(EXERCISE INPUTS Opens)

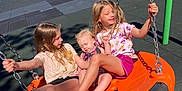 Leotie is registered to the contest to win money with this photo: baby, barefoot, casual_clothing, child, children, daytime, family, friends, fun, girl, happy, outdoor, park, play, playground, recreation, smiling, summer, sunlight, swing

(EXERCISE INPUTS Closes)
(EXERCISE INPUTS Opens)

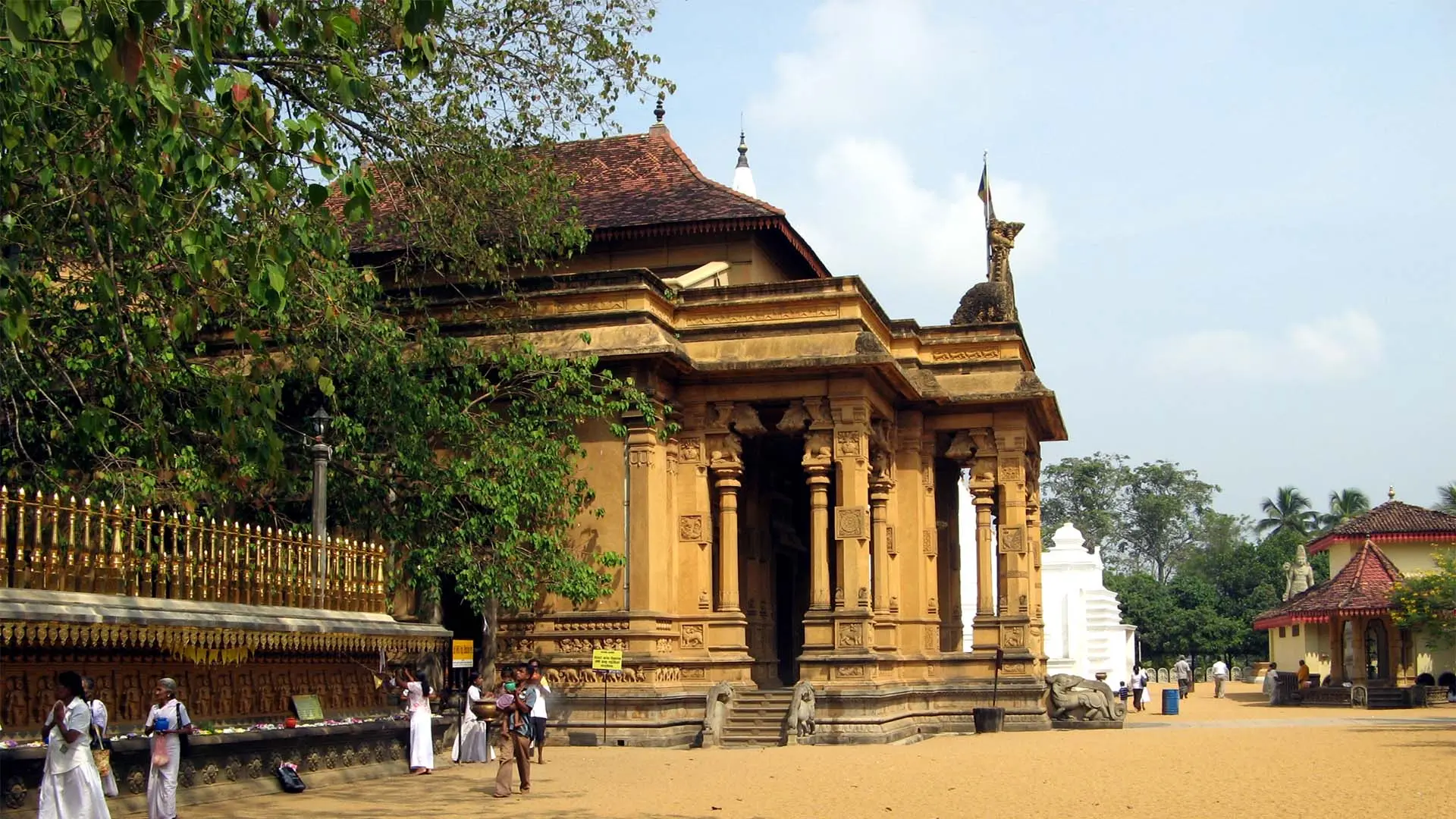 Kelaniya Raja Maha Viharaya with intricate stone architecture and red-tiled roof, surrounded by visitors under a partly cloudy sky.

(EXERCISE INPUTS Closes)
(EXERCISE INPUTS Opens)

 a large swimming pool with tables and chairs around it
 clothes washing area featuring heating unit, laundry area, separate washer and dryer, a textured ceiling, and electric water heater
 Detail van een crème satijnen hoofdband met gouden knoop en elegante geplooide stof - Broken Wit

(EXERCISE INPUTS Closes)

TASK OBJECTIVE:
From the material above, set down exactly the lines between the line holding "a large swimming" and the line holding "Detail van een", inclusive. Include nothing else.

TASK ANSWER:
 a large swimming pool with tables and chairs around it
 clothes washing area featuring heating unit, laundry area, separate washer and dryer, a textured ceiling, and electric water heater
 Detail van een crème satijnen hoofdband met gouden knoop en elegante geplooide stof - Broken Wit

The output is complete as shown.